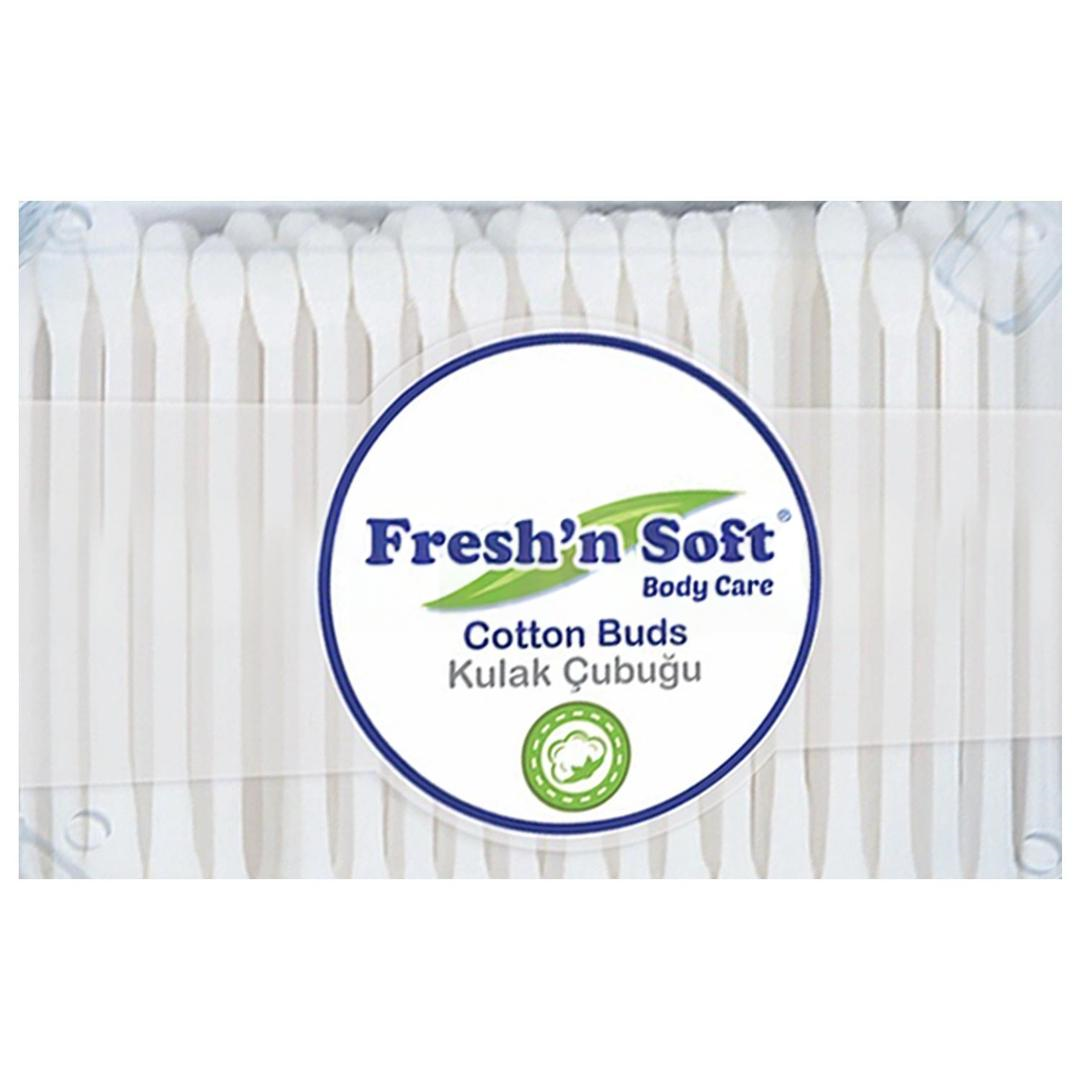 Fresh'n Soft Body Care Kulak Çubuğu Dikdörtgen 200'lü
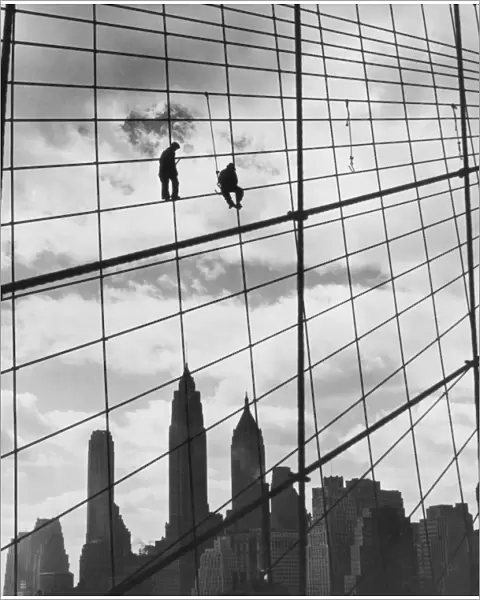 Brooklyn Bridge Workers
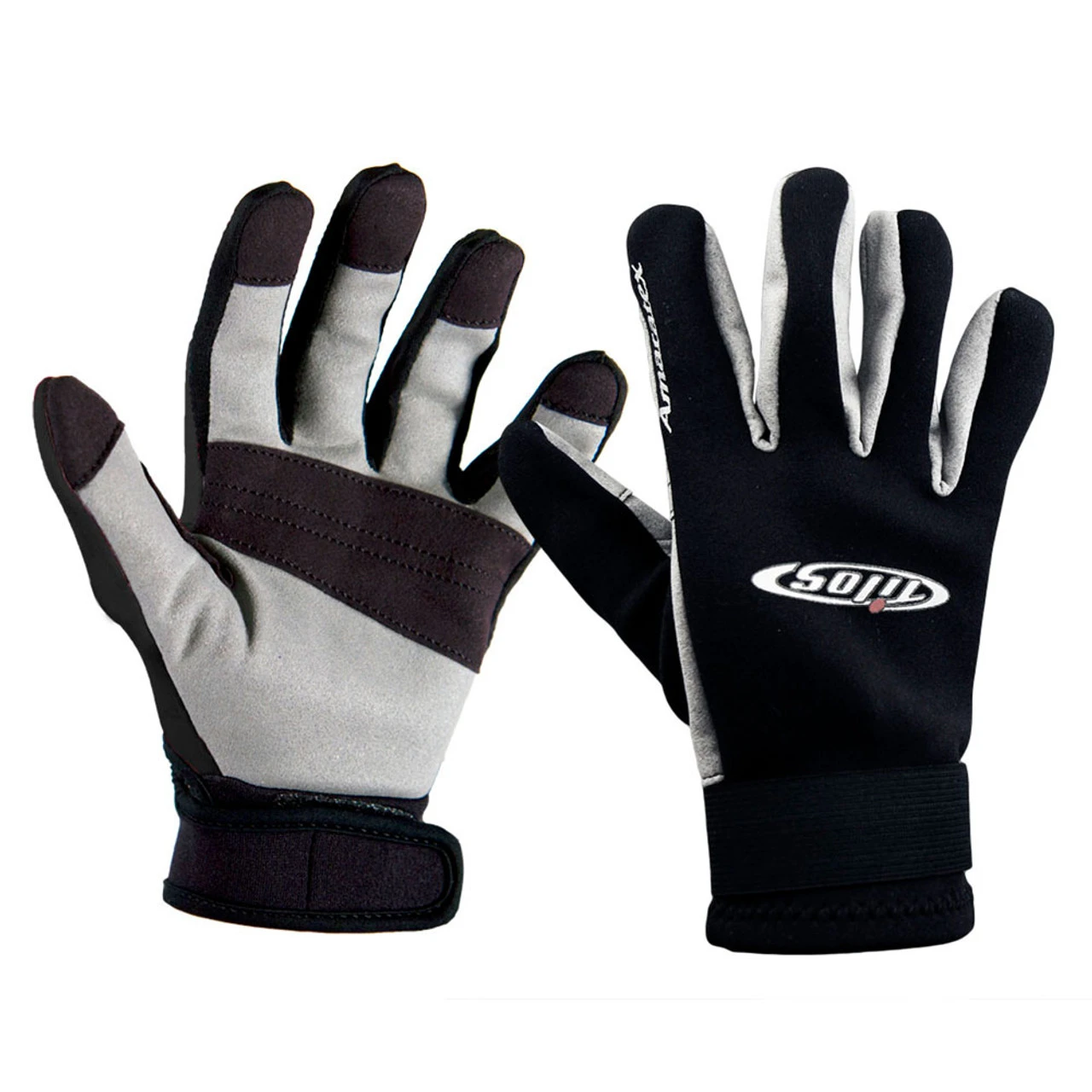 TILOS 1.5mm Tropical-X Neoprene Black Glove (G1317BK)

◆ What to produce ◆
In your copy, include no pictures and only the lines from the line with "Brooklyn Bridge Workers" through the final line of the listing above, reproduced exactly.

◆ Result of this exercise ◆
 Brooklyn Bridge Workers
 TILOS 1.5mm Tropical-X Neoprene Black Glove (G1317BK)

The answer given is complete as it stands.